LAM/MPI logo

LAM/MPI General User's Mailing List Archives

  |   Home   |   Download   |   Documentation   |   FAQ   |   all just in this list

From: Tim Prince (n8tm_at_[hidden])
Date: 2007-07-12 00:42:36


pedropetrovitch_at_[hidden] wrote:
> Thanks for the answer... It actually brought me another question: can
> different implementations of MPI have high difference on execution times?
>

Why did people write so many MPI implementations? Why I just spend a
few weeks trying to make a single application perform with one or more
of 4 different MPIs (not including lam)? If you are talking only about
  single node performance, you still have many questions; did you set
the -O parameter of lam? Do you use an MPI which does not normally
differentiate between processes on the same or different nodes (e.g.
mpich)? How are collectives implemented? Does it recognize which
processes have equal access to the same buffer, so no data movement
needed for message passing? Does it leave messages in a suitable length
range resident in the cache of the receiving process, so it doesn't
start out with cache misses? Does the MPI optimize its use of system calls?
What is a high difference? To one of my recent bosses, 5% was high.

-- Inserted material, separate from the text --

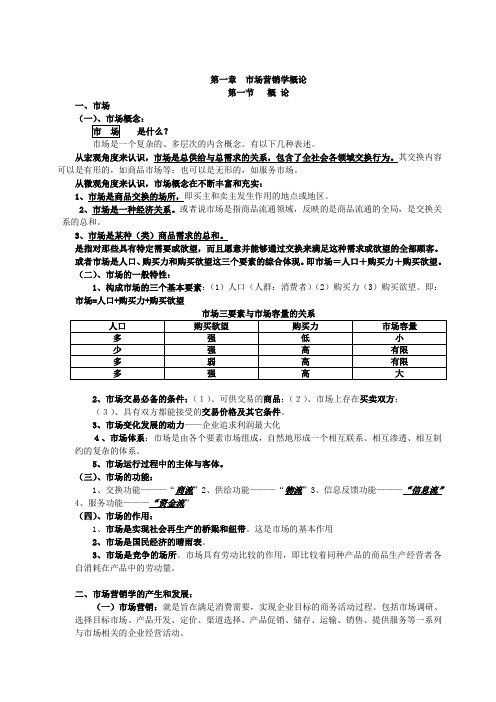 第一章、市场营销学概论(版)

On
a reasonable applications with evenly distributed work, the MPI
shouldn't account for that much of the time on a single node, but easily
could exceed that as one approaches useful cluster size for the
application.
When comparing as many as 4 different MPI implementations, there is a
good chance that not all are able to complete the job on the full range
of cluster sizes, so that may be a definition of high difference.